Monday, March 28, 2011

Lessons from a (Mostly) Black Lab


I have always preferred the company of cats to the rambunctious, slobbery affection of dogs, but there is something about a dog that lifts your spirits in a way that no cat can.

Of course cats know when you are upset and offer their support as lap warmer, gentle conversationalist, or sometimes just sitting close by and keeping a watchful eye on you. All that is much appreciated, but for sheer escapism there is something about a dog and a ball that is unrivaled.

I am back in Indiana. I left hastily on a day when the sweet soft air made it that much harder to leave home. I came back quickly because my small beleaguered family had suffered a loss. I am back here trying to fit in and do whatever I can to help the ragged edges of that emptiness where a person used to be heal as easily as possible.

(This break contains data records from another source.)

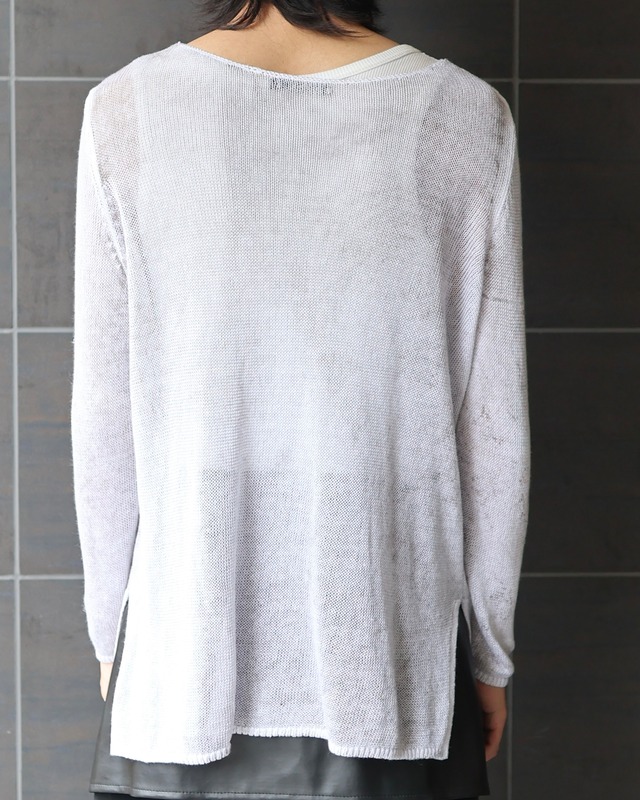 Round neck sheer long sleeve t-shirt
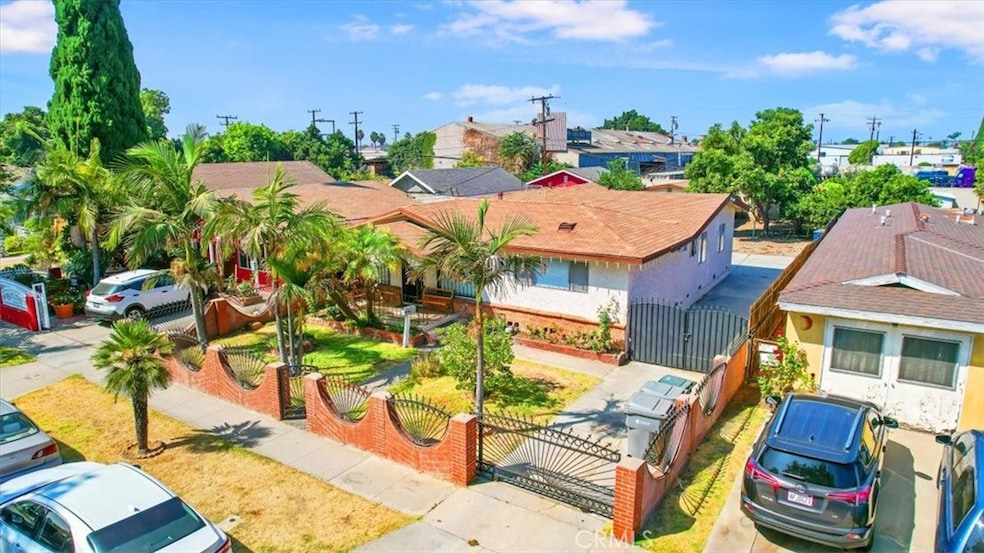 10751 Capistrano Ave, Lynwood, CA 90262 - photo 1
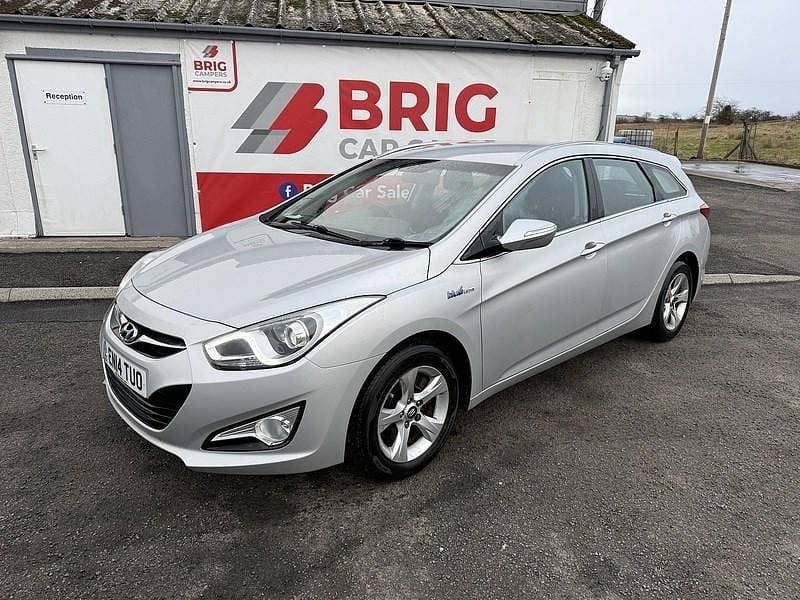 Used Hyundai i40 Active 115 HP (84 kW) 2014 Silver Estate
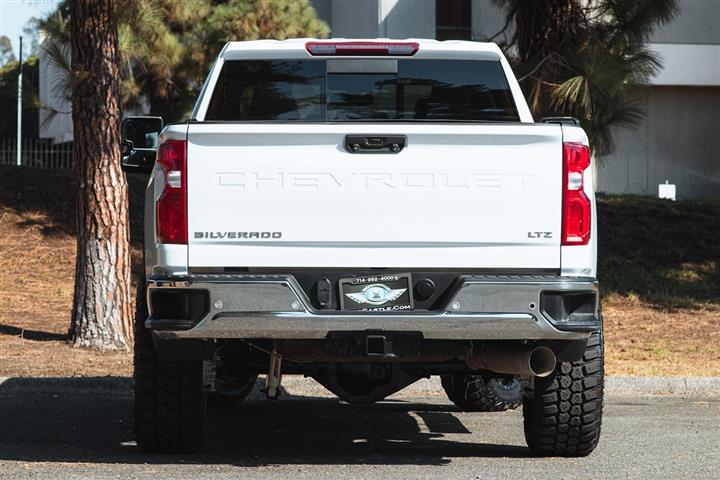 2022 Silverado 2500HD LTZ image 8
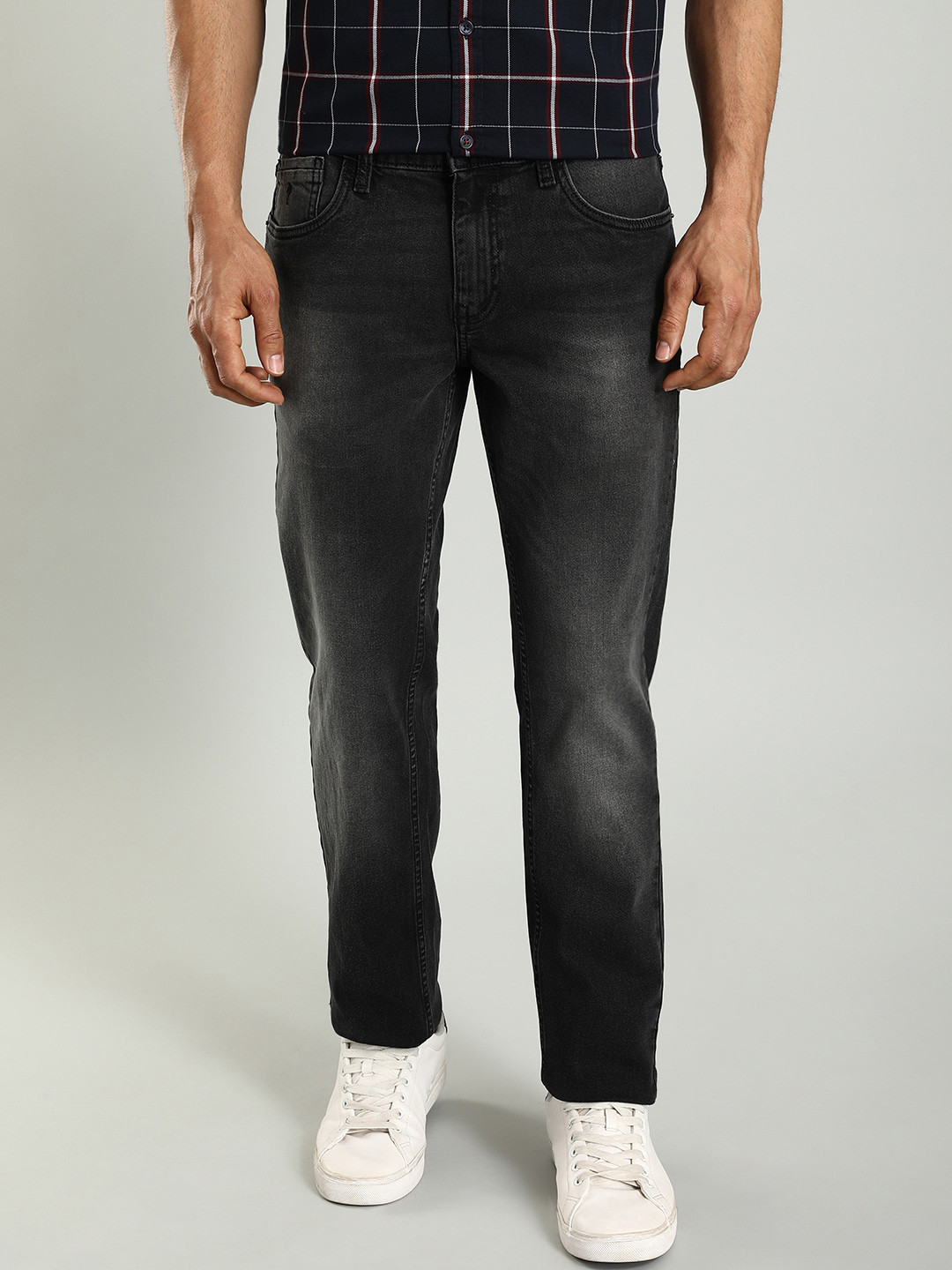 

Indian Terrain Men Brooklyn Tapered Fit Mid-Rise Heavy Fade Clean Look Stretchable Jeans, Black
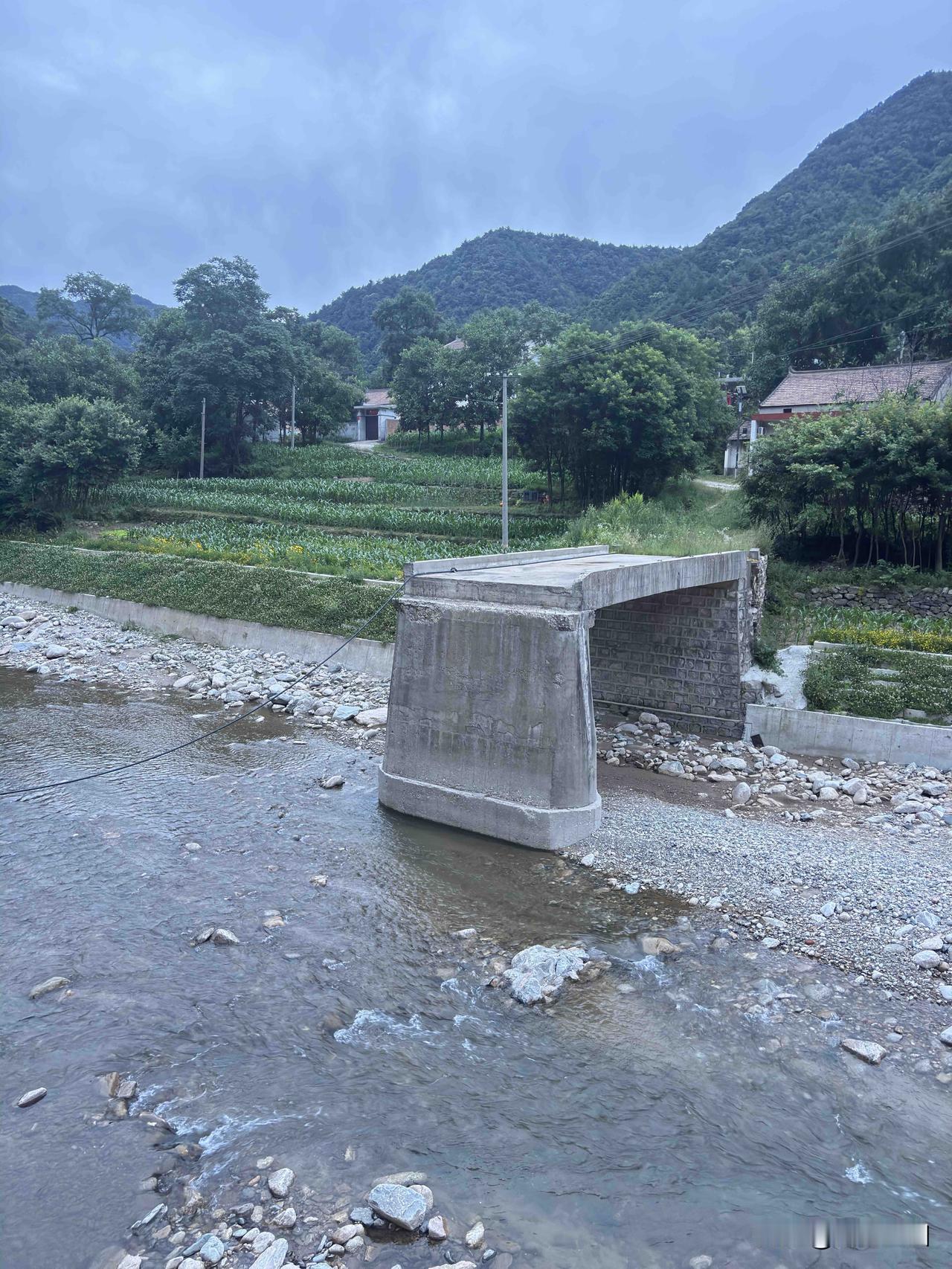 蓝田蓝桥河这断桥，是当年暴雨水灾的见证者，连桥都冲断了，不敢想象水有多大多猛。现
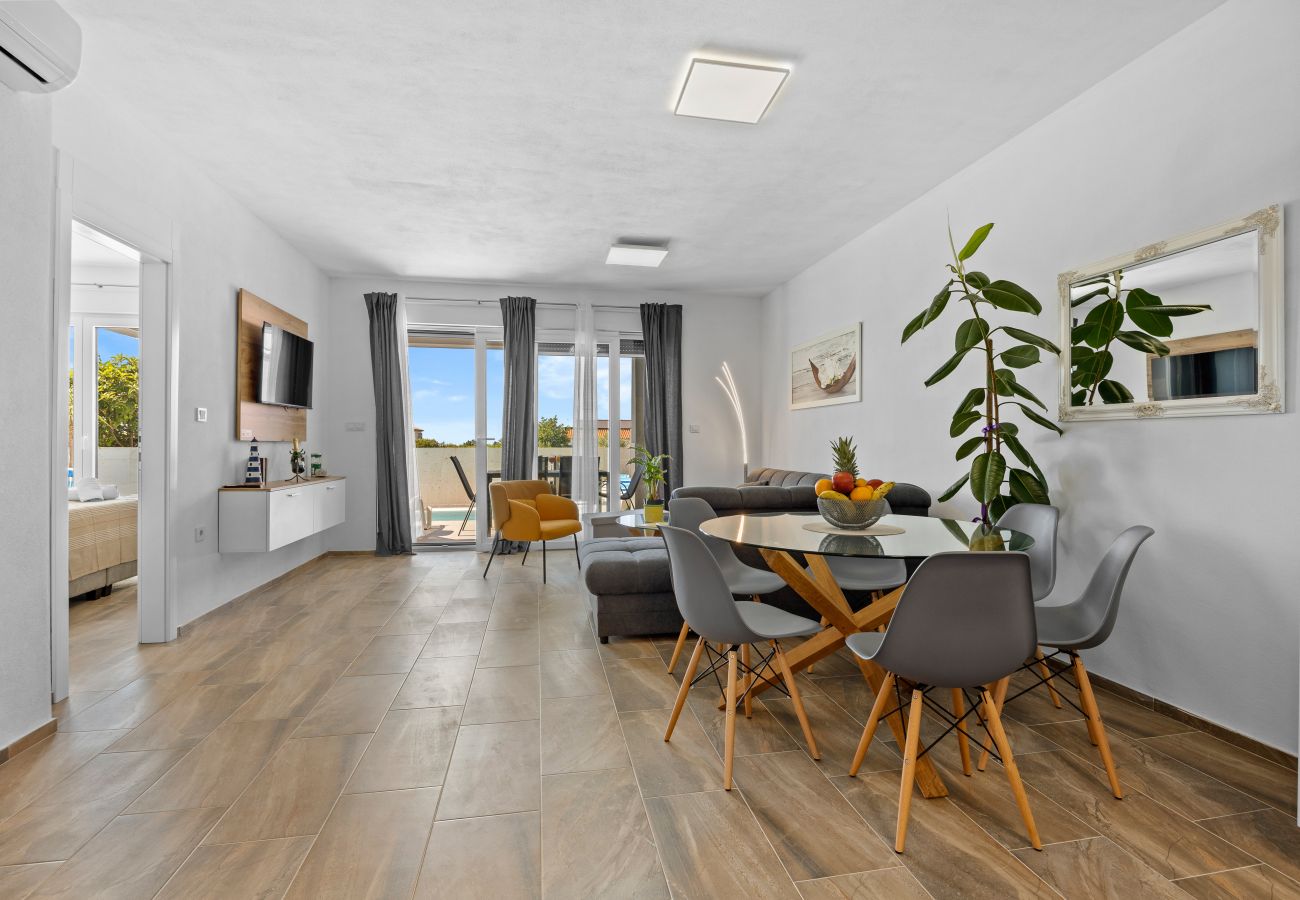 Villa in Radeki Polje - Modern Family Villa Mia with Private Pool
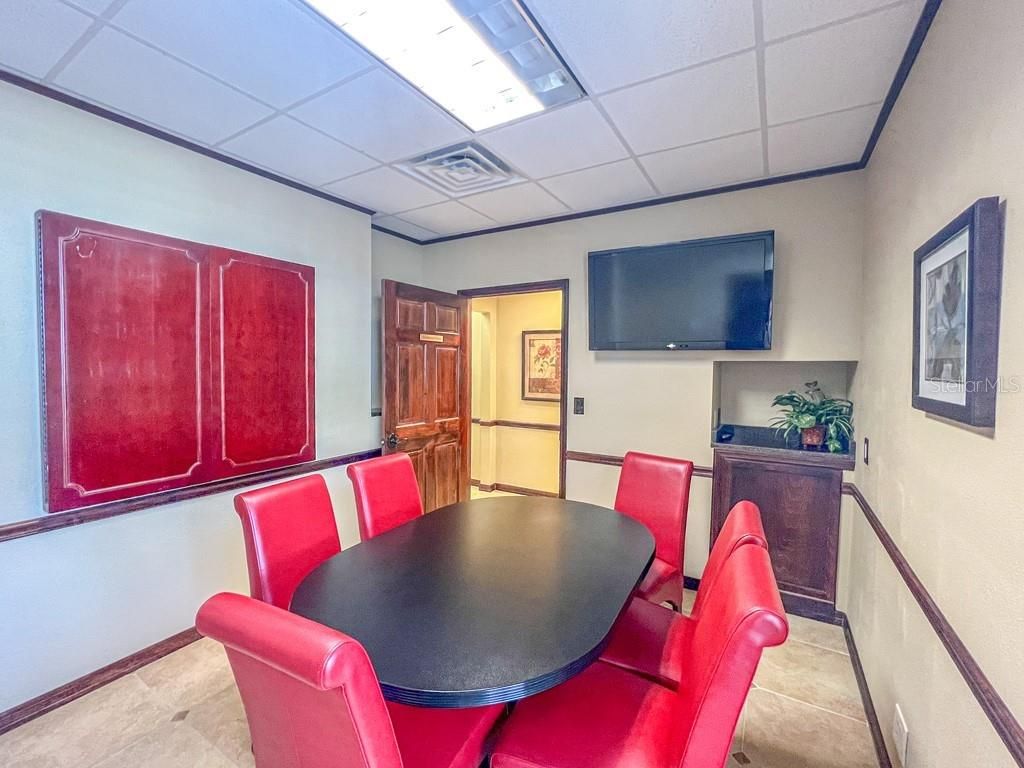 Dining room, Interior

Rescue, a (mostly) black Labrador, was grieving along with the rest of us. I thought I'd help cheer him up by playing with him and one of his brand new tennis balls. As often happens, I got at least as much from Rescue as he got from me. Rescue in his unfathomable doggie wisdom had managed to do more than my old friend J Alfred Prufrock could do. J Alfred bathed in his existential anguish while Rescue just got on with it and did in fact "squeeze the universe into a ball."

Sunday, March 06, 2011

Climbing Snowdrop Hill

I have been at a loss for words many times in my life. I have also had panic attacks at a keyboard or typewriter that froze my fingers or curdled my prose, but the past month I have had the place that words come from stuck tighter than an accordion with its leather strap firmly in place and stowed in its carrying case.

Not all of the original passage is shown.